Cisco can support energy companies with strong cyber risk mitigation. This is an area where most money is spent by companies in the sector, including firewalls, endpoint security, malware detection, behaviour analytics, and many other tools. With so many different mitigation tools now available it is important for companies to select the best solutions to meet their needs.
A Response Plan
Governments and industry watchdogs have implemented far stronger regulations around reporting security incidents. As a result, more people within the industry are aware of how common such security breaches are. It is essential that companies develop a response plan that contains a strategy for identifying which experts will get called in to assess damage and restore operations following a security breach. An effective plan will also highlight a methodology for communication, reporting, and other post incident action items.
Visibility at the Edge
The last few years have seen Cisco deploy its integrated capabilities into the operations of heavy industry. We also employ tools that address OT visibility, risk mitigation, and incident response.
The most significant challenge to implementing better asset visibility solutions has been the high cost of installing software at the edge to analyse local behaviour. We now integrated this capability into the network infrastructure enabling one device to provide data switching and routing, as well as an agent to report on asset conditions and behaviour. This not only simplifies deployment but also reduces the cost of a parallel infrastructure.
Systematic risk mitigation
The process of systematic risk mitigation requires careful assessment of communication flows that are most critical to the operation. Risk can be introduced along any part of the flow including devices and operators themselves. At Cisco, we provide a wide range of tools that can help assess and mitigate risks and can assist with designing an optimal security framework and operation.

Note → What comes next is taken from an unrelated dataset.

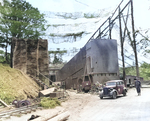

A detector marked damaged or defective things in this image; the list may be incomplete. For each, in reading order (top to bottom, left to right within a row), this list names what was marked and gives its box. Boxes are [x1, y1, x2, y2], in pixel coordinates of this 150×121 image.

damaged structure [12, 37, 49, 86]
damaged structure [56, 38, 120, 90] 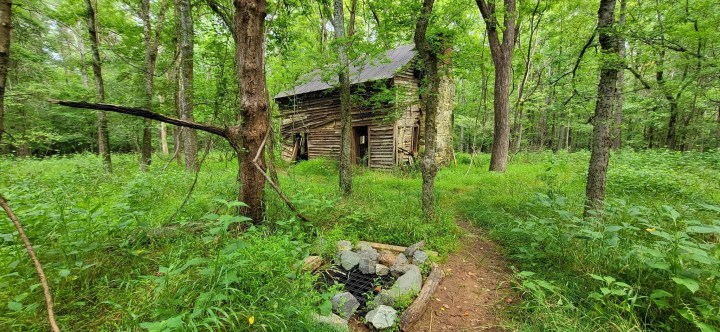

With a good response plan in place, teams and tools can be ready at a moment’s notice to respond to a crisis. This is made possible by response tools that are already integrated into the visibility and mitigation tools, so security operations personnel are not learning new systems in a time of emergency.
With decades of experience in the energy sector, Cisco has been at the forefront of developing innovative and effective solutions for the most common risk areas the industry experiences. From IT to OT, Cisco employs an industry-leading, integrated approach to securely protect assets.